最凶のモンスター

 ちょっと実家に帰る用事があって、物置に残してあった昔のTRPGの資料とかをつらつら眺めていてふと思ったこと。
 「TRPGにおいて最も恐ろしいモンスター」とは何だろう?

 そんなもん「クトゥルフの呼び声」のアザトースに決まってるじゃないか、という人もいるかもしれない。あるいはD&Dのプラチナドラゴン=バハムートや死んでも死んでも復活するフェニックス、ソードワールドのエルダードラゴンやノーライフキング、あるいはアリアンロッドの“白の”ケテルを挙げる人もいるかもしれない。

 でも、私が知る限り最凶最悪のモンスターとは、ビヨンド・ローズ・トゥ・ロードに登場する「フウル・ラ・ルラ」というモンスターである。

「不死の娘」フウル・ラ・ルラ

 その名も「不死の娘」こと「フウル・ラ・ルラ」とはビヨンド・ローズ・トゥ・ロードに登場する魔族の一体だ。このゲームにおける「魔族」とは、人間を遥かに超える魔力を持つ強力な種族(ほとんどが人間とは敵対関係にある)を指す。魔族の中には「骨の商人」グドルのように、人間社会に浸透し政治的な影響を及ぼしている存在もいる。それを考えると、フウル・ラ・ルラはそこまで大きな影響力を持った魔族ではない。だが、もし敵として登場した場合、プレイヤーに与えるインパクトの大きさはグドルの比ではない。

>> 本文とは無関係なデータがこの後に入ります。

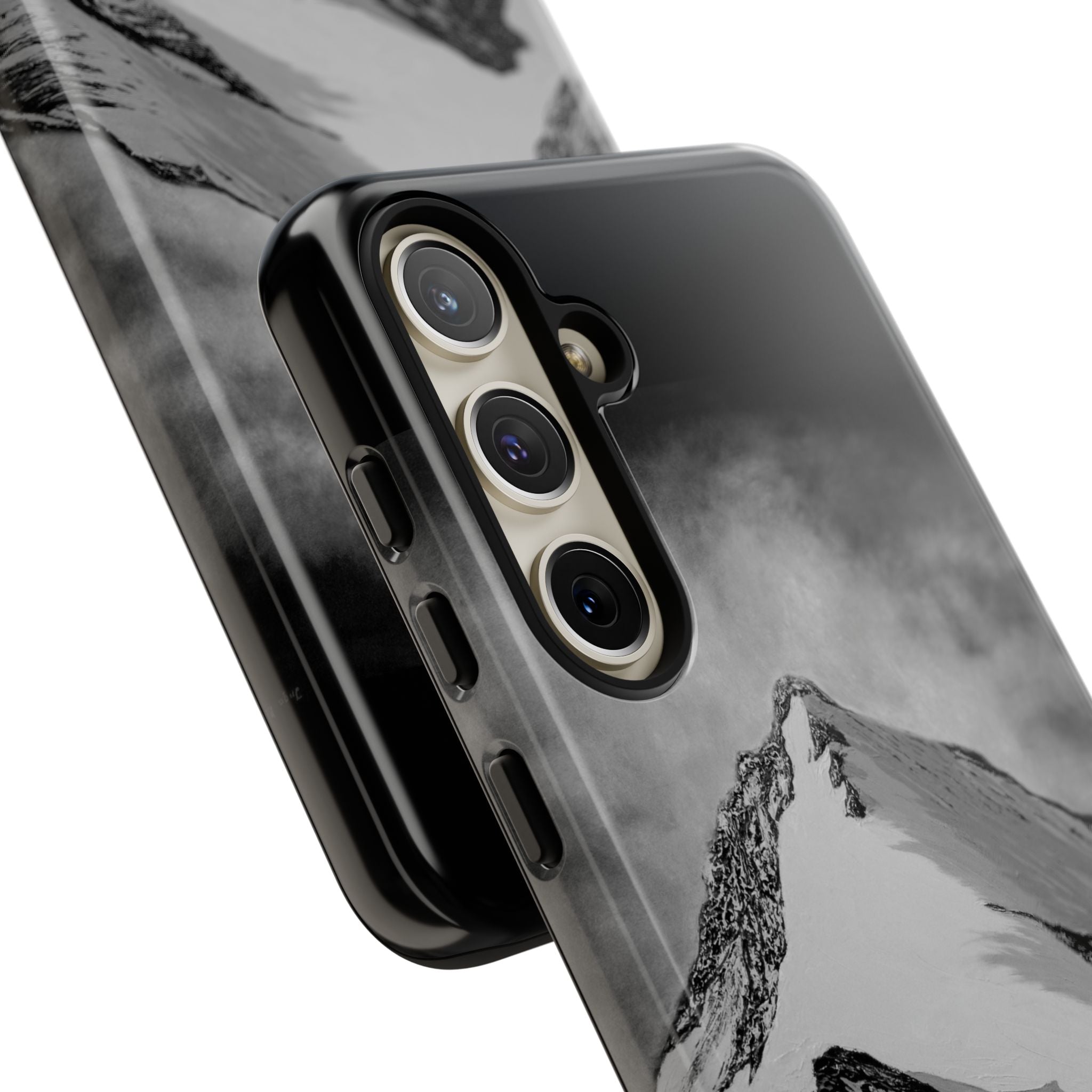 Mountain Peak Phone Case — Black & White Alpine Protective Case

 フウル・ラ・ルラは不定形の魔族である。本体は黒い霧のような姿であるらしいが、PCの前にその姿で現れることはない。フウル・ラ・ルラはPCを含む人間の前に現れる時は、必ず変身して現れる。
 そう、この恐るべき魔族は「健気な戦災孤児の少女」や「主人に虐げられる不遇な使用人の少女」など、相手の庇護欲を誘う存在に変身するのだ。そして、ターゲットを虎視眈々と狙うのである。標的を定めて接触を図ると、今度は付きまとう。どんなに邪険にしても、辛く当たっても必死についてきて、かいがいしく身の回りの世話を焼いたり、側にいられるようにいじましく努力したりする。
 そして、標的がちょっとでもフウル・ラ・ルラに心を許すと、その隙間から精神を侵食する。といっても、血を吸ったり直接害のある行動をとるわけではなくただ一緒に生活しているだけなので、他人が見ても違和感を覚えることはないだろう(ラミアやサキュバスなど精神にとりつくタイプのモンスターとはそこが違う)。ただ、PCの場合、フウル・ラ・ルラと一緒にいる時間に比例して、精神力を減算していく(これはGMのみが手元に記録し、プレイヤーに開示されることはなく、ゲーム中の判定も「最後の瞬間」まで減算前のもので行う)。
 減算した精神力がゼロになった瞬間、つまり標的が心底フウル・ラ・ルラに「依存しきった」瞬間に、フウル・ラ・ルラは「不慮な事故」や「不幸な病気」などの形をとって仮初めの死体を残し、姿を消す。哀れな標的がPCだった場合、その精神力はこの時点で初めてプレイヤーにも分かる形でゼロに減らされ、またPCであるかそうであるかを問わず、標的は廃人と化す。フウル・ラ・ルラの本体は犠牲者の精神力を吸い取って黒い霧の姿に戻り、次の犠牲者を探す……という按配である。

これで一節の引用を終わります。